Semi-Supervised Contrastive Learning of Musical Representations

Semi-supervised Contrastive Learning of Musical Representations

In the paper titled "Semi-supervised Contrastive Learning of Musical Representations," authors Julien Guinot, Elio Quinton, and György Fazekas propose a novel method for enhancing the performance of contrastive learning in Music Information Retrieval (MIR) by incorporating labeled data into the self-supervised learning (SSL) framework, termed SemiSupCon. This approach aims to address the limitations of traditional SSL approaches, where a lack of labeled data can result in pretraining objectives that do not optimally capture key musical information essential for downstream tasks.

Introduction

The authors introduce SemiSupCon as a solution to improve upon current self-supervised learning methods by integrating supervised signals in a contrastive learning framework. This method aims to leverage both labeled and unlabeled data to infuse the learned representations with musical domain knowledge, thereby enhancing the model's performance across a range of MIR tasks. The key contributions of this work are threefold:

1. The introduction of a simple framework that integrates supervised and self-supervised contrastive learning.
2. Demonstrating the ability of SemiSupCon to shape representations according to the supervision signal with minimal performance loss on unrelated tasks.
3. Proposing a representation learning framework that exhibits higher robustness to audio corruptions.

Methodology

The methodology involves three primary components: self-supervised contrastive learning, supervised contrastive learning, and the hybrid semi-supervised contrastive learning approach. Each component uses an embedding encoder and a projection head to map audio data into a latent space designed for contrastive learning.
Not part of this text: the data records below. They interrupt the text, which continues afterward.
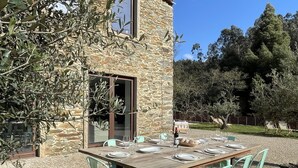An outdoor dining area with a stone wall, olive tree, and a view of the surrounding landscape.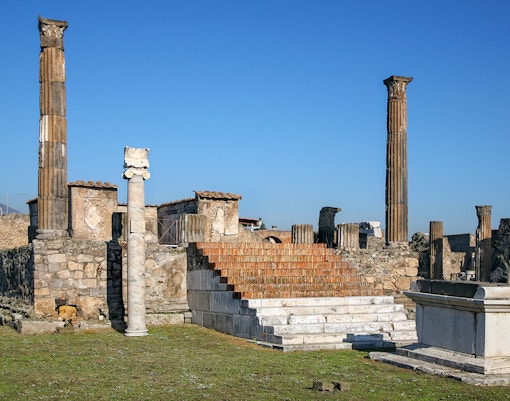 Temple of Apollo ruins with columns and altar, Pompeii, Italy.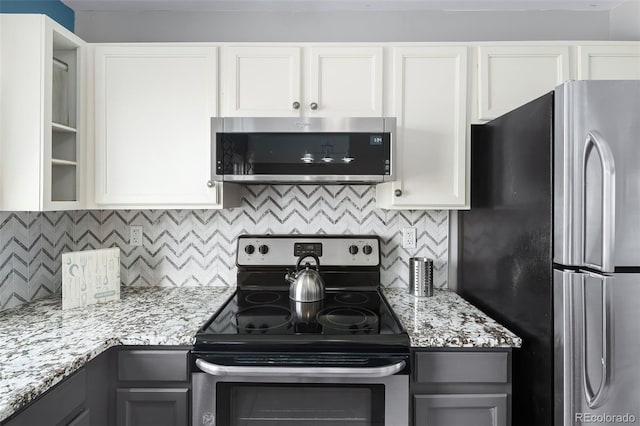 kitchen with backsplash, gray cabinets, light stone counters, and stainless steel appliances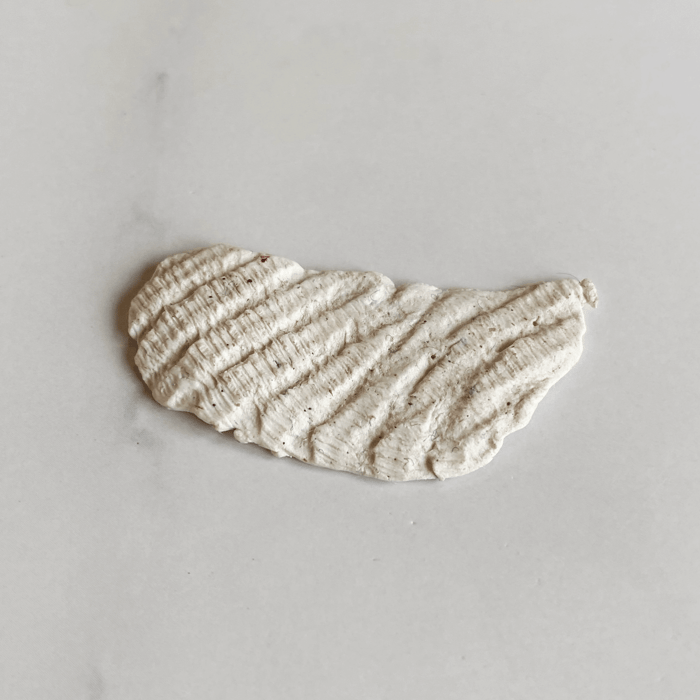 Scrap of polymer clay with texture resembling a weathered scallop shell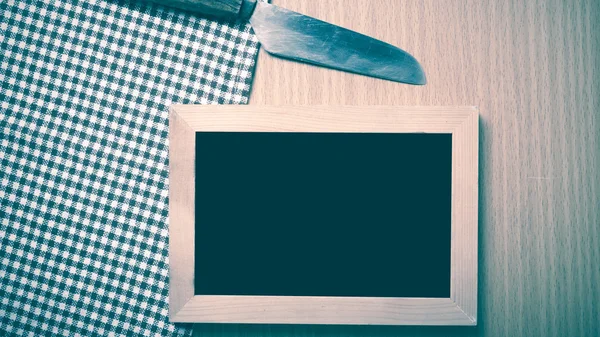 Blackboard and knife on table — Stock Photo, Image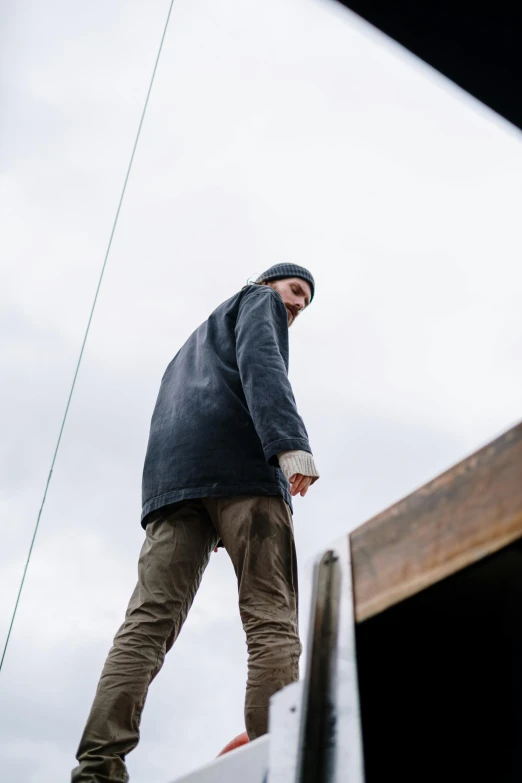 a man riding a skateboard down the side of a ramp, a picture, unsplash, happening, wearing farm clothes, standing on ship deck, wearing hunter coat, looking upwards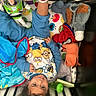 bed, blanket, blue_clothing, buzz_lightyear, child, colorful, crib, curly_hair, cute, indoors, minions, person, playful, smiling, socks, soft_toy, spiderman, stuffed_animal, toddler, toy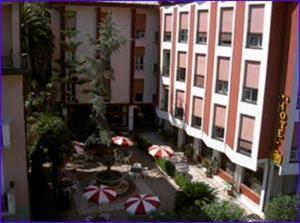 a large building with a patio with umbrellas at Hotel 5 Terre in Monterosso al Mare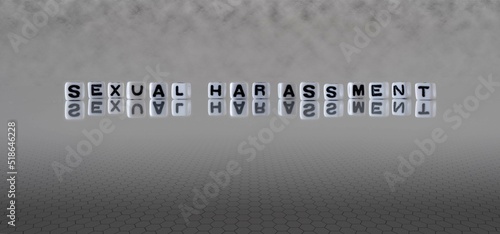 sexual harassment word or concept represented by black and white letter cubes on a grey horizon background stretching to infinity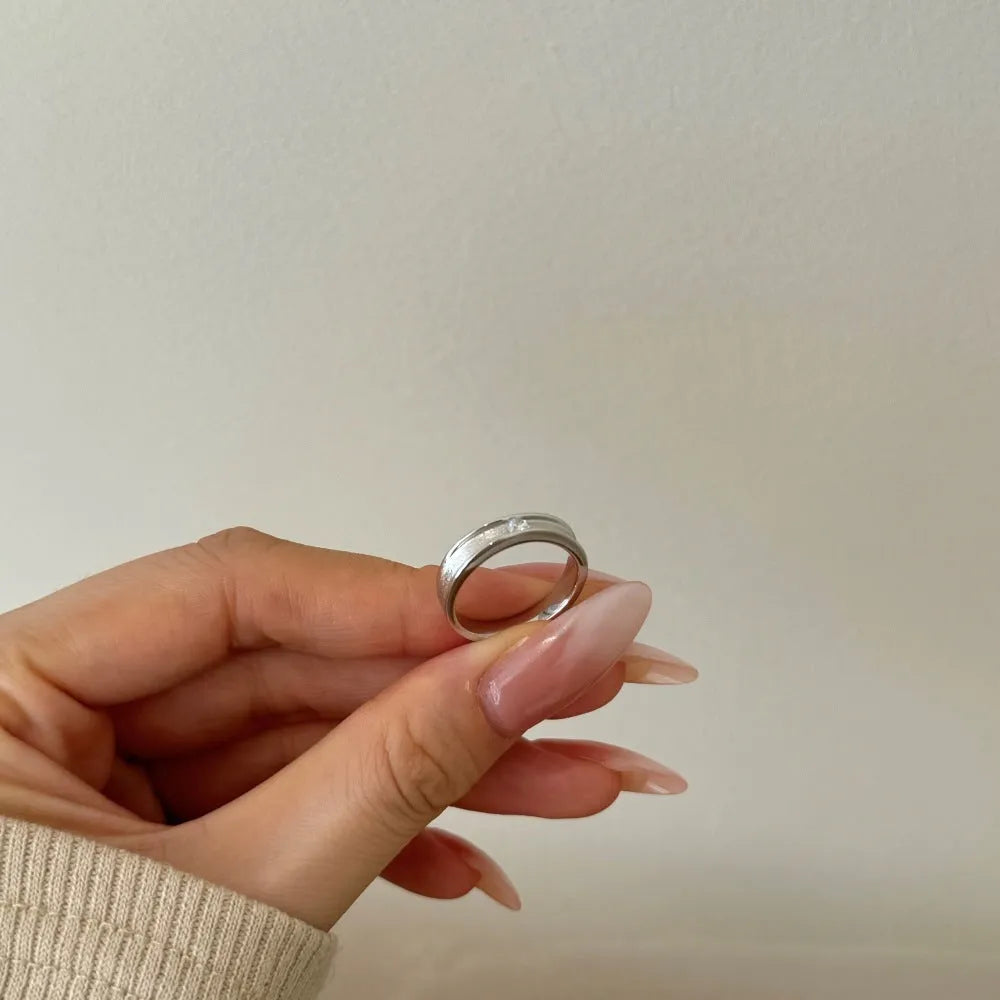 Women's silver ring with geometric hexagon and octagon arc design and zircon inlay in electroplated platinum finish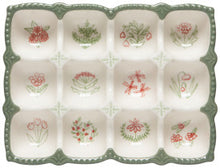 Decorative egg holder with floral patterns on a white background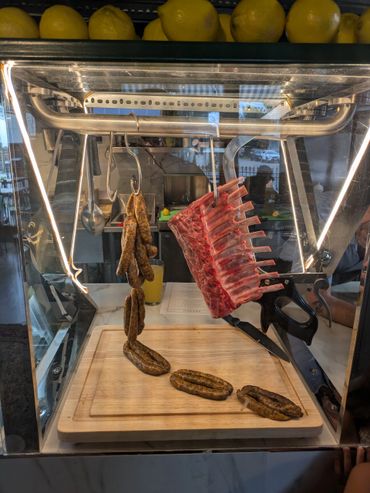 Display case with raw sausages and a rack of ribs on a cutting board.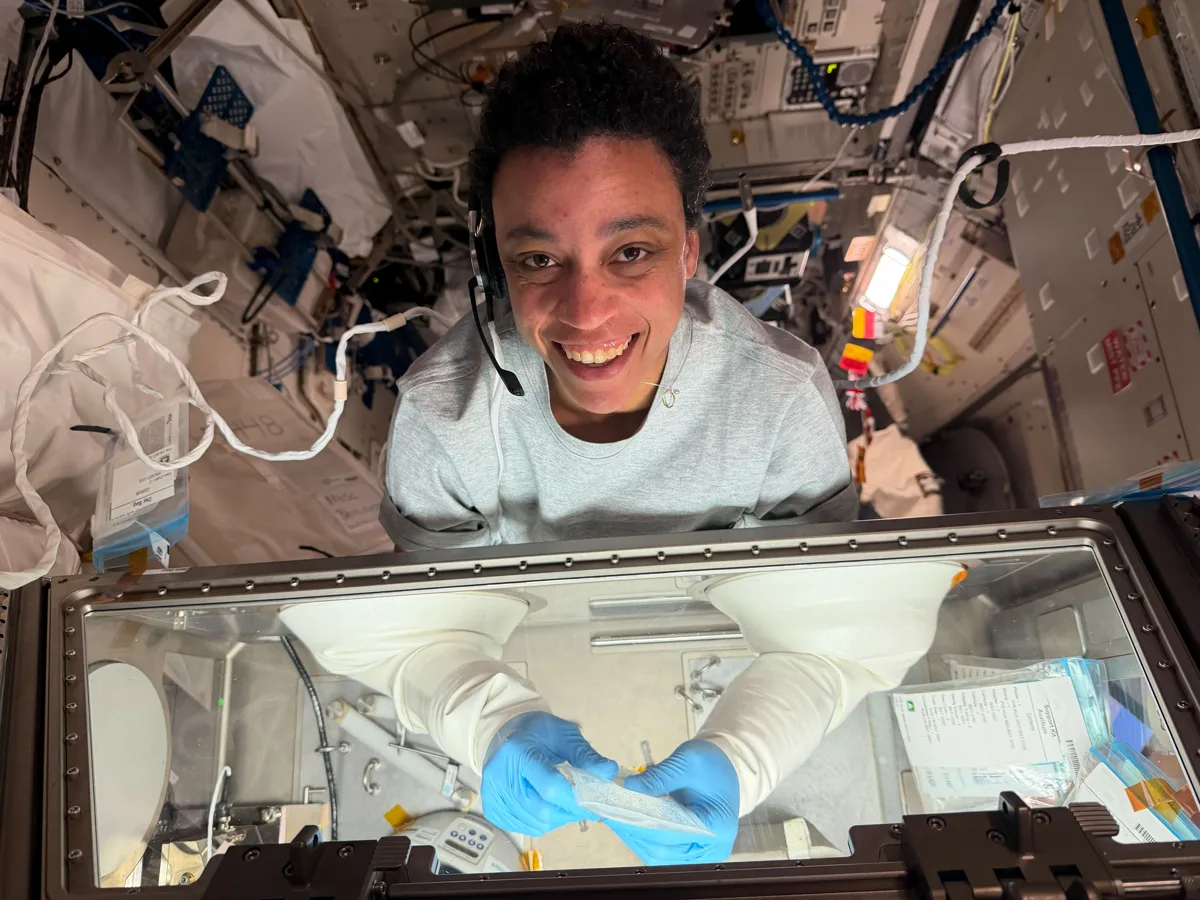 Astronauta Jessica Watkins trabalhando na estação espacial com equipamento de bioprinting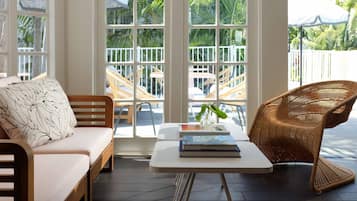 A room with a wooden sofa, a wicker chair, a small white table, and a view of a balcony with outdoor furniture.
• Self-Supervised Contrastive Learning: The conventional SSL is based on maximizing agreement between augmented views of the same audio sample while minimizing it for different samples using a contrastive loss.
• Supervised Contrastive Learning: This extends the SSL approach by leveraging labeled data to create a supervised contrastive loss that uses class labels to define positive pairs.
• Semi-supervised Contrastive Learning (SemiSupCon): This method combines both approaches. By using a hybrid loss function that encompasses both labeled and unlabeled data, the authors aim to leverage the strengths of both learning paradigms.

Experiments and Results

Automatic Tagging

The authors evaluate the performance of SemiSupCon on multiple MIR tasks, with particular focus on automatic tagging using the MagnaTagATune (MTAT) dataset. They find that incorporating only 5% of labeled data improves the area under the receiver operating characteristic curve (AUROC) from 88.8 to 89.4. The semi-supervised approach shows incremental performance gains as the proportion of labeled data increases, surpassing both self-supervised and fully supervised baselines under similar computing conditions.

Cross-Task Generalization

In a comprehensive set of experiments, the paper evaluates SemiSupCon's performance across various downstream tasks using multiple datasets. These include genre classification, instrument identification, and pitch classification among others. SemiSupCon demonstrates robust performance improvements, exhibiting effective transfer learning capabilities across tasks that are musically related but not trivially similar. For instance, pretraining with a pitch classification dataset significantly improved performance on instrument classification tasks, demonstrating the utility of musically informed supervision signals.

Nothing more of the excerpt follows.